▸ **WHAT IS REQUIRED**
Using the listing below, output only the lines from the one that contains "Sump Tank Installation in Nashville" through the one that contains "2013 CHEVROLET SILVERADO", inclusive, exactly as given and without images.

▸ **RECORDS FOR PROCESSING**
****************************************
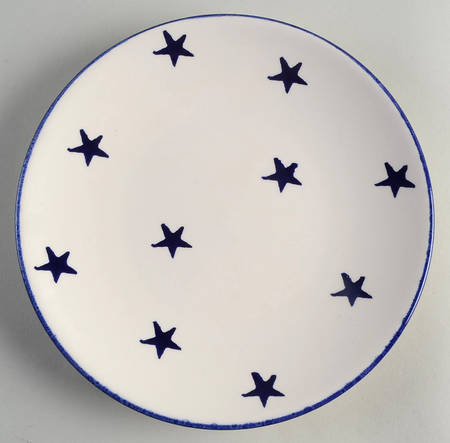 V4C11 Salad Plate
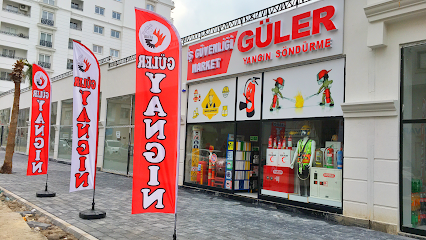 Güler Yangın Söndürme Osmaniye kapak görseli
****************************************
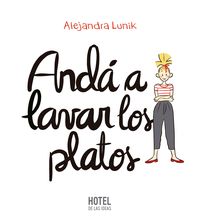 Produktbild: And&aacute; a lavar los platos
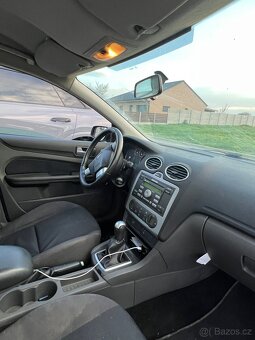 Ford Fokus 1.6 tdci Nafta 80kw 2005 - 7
****************************************
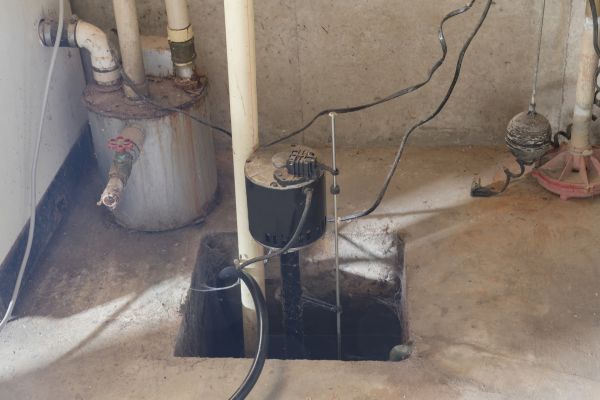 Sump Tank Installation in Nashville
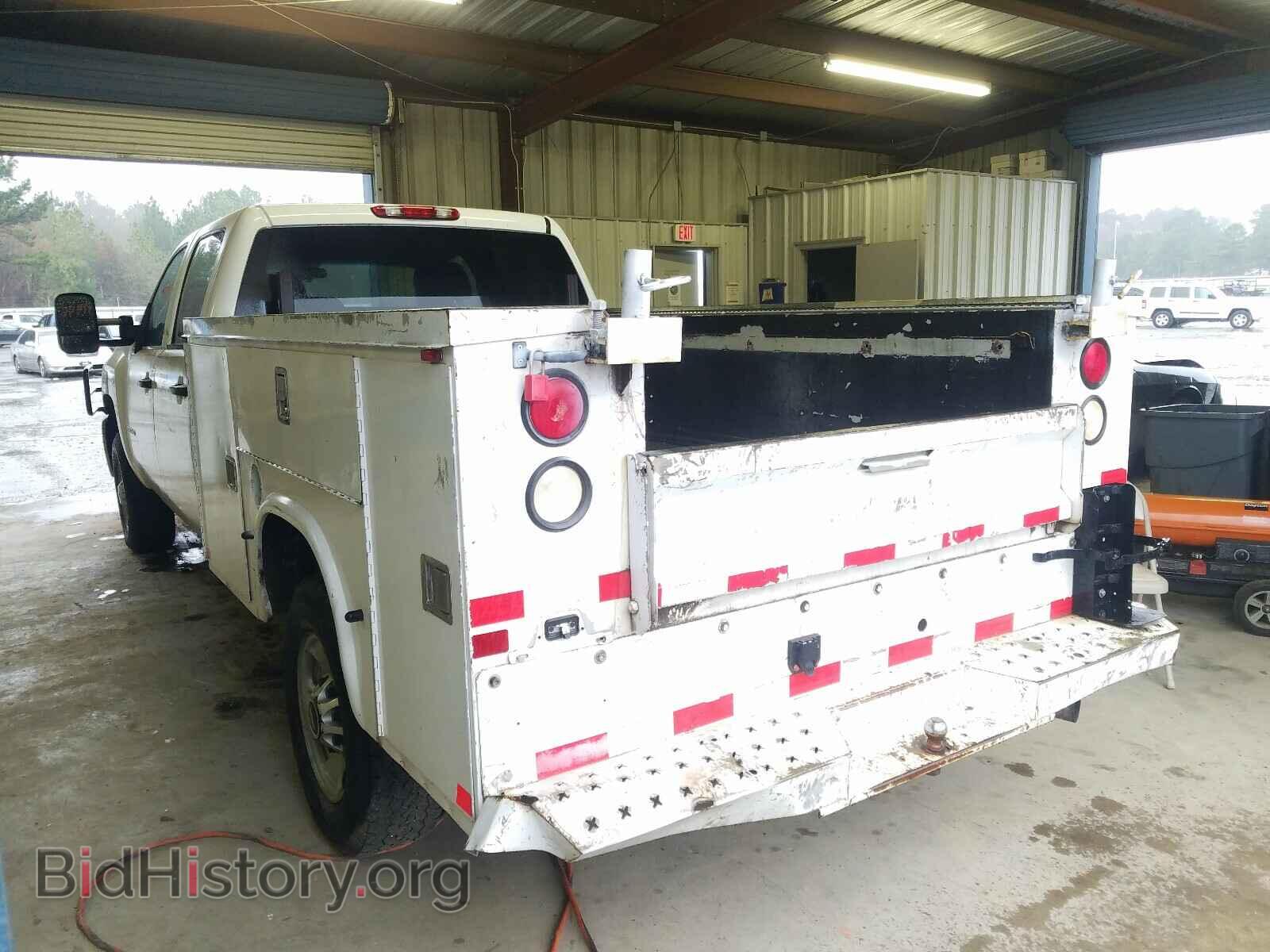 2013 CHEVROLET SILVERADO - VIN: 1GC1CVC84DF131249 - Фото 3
****************************************
▸ **SOLUTION**
 Sump Tank Installation in Nashville
 2013 CHEVROLET SILVERADO - VIN: 1GC1CVC84DF131249 - Фото 3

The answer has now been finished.